* DATA BLOCK:
####################

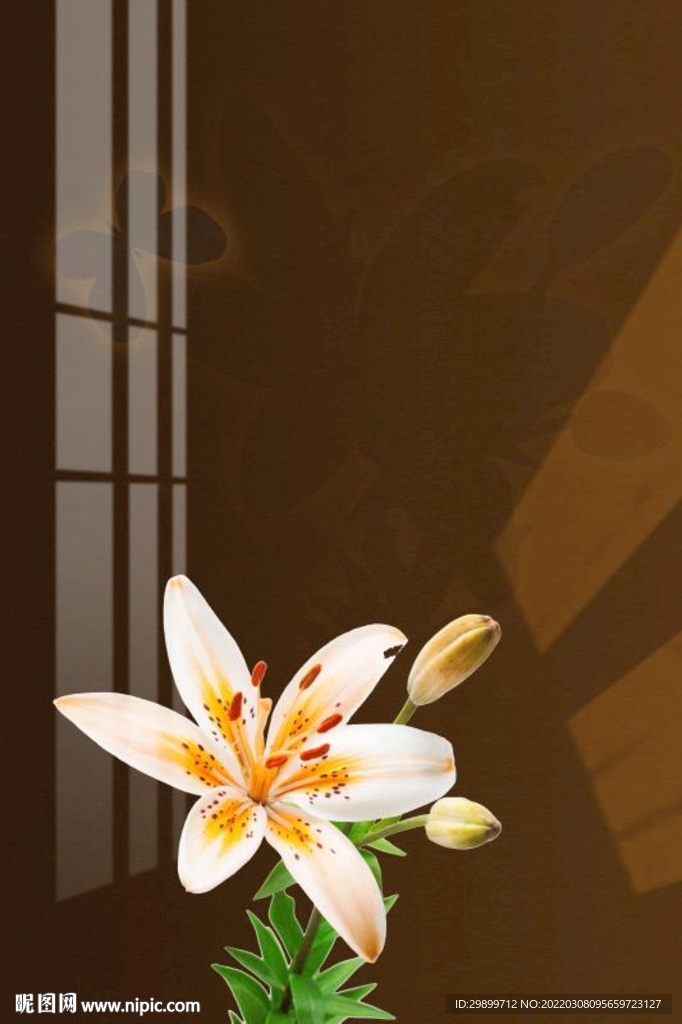 百合花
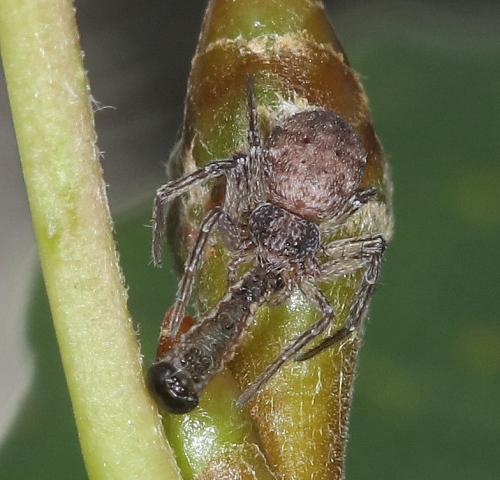 Philodromus_sl sp.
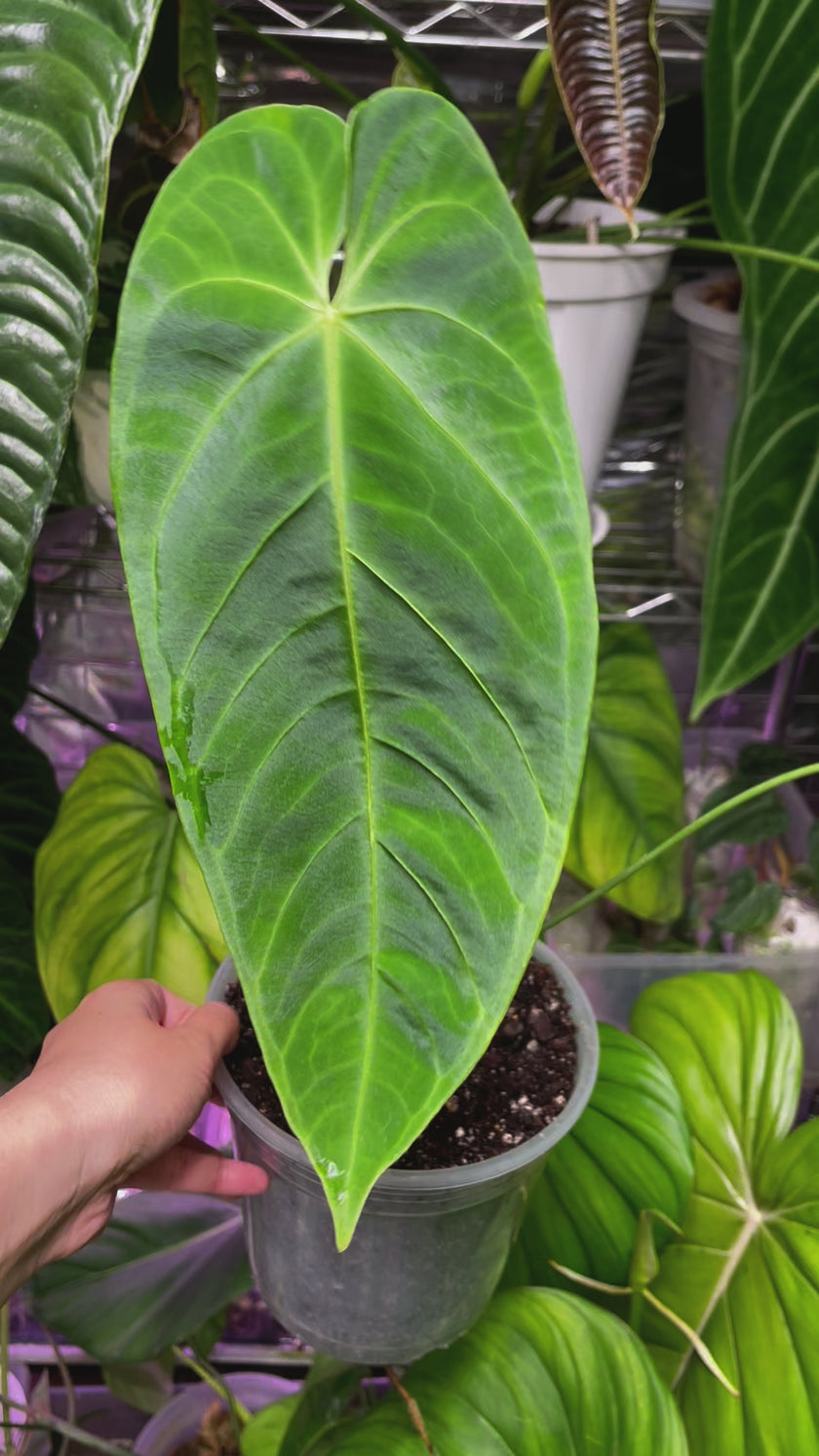 Anthurium Queremalense *Pick up & Delivery Only*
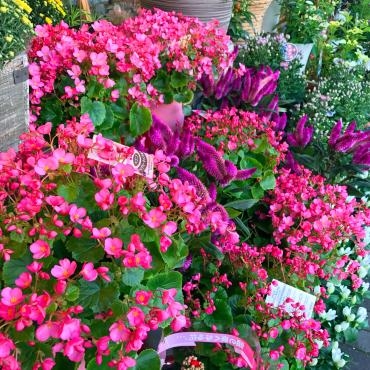 今週末のおすすめ花鉢は「ベコニア・ラブミー」｜「大花園」　（東京都大田区の花キューピット加盟店 花屋）のブログ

####################

* WORK REQUIRED: Every line of the material must be returned verbatim, and pictures must be left behind.

* ANSWER FOR THIS EXERCISE:
 百合花
 Philodromus_sl sp.
 Anthurium Queremalense *Pick up & Delivery Only*
 今週末のおすすめ花鉢は「ベコニア・ラブミー」｜「大花園」　（東京都大田区の花キューピット加盟店 花屋）のブログ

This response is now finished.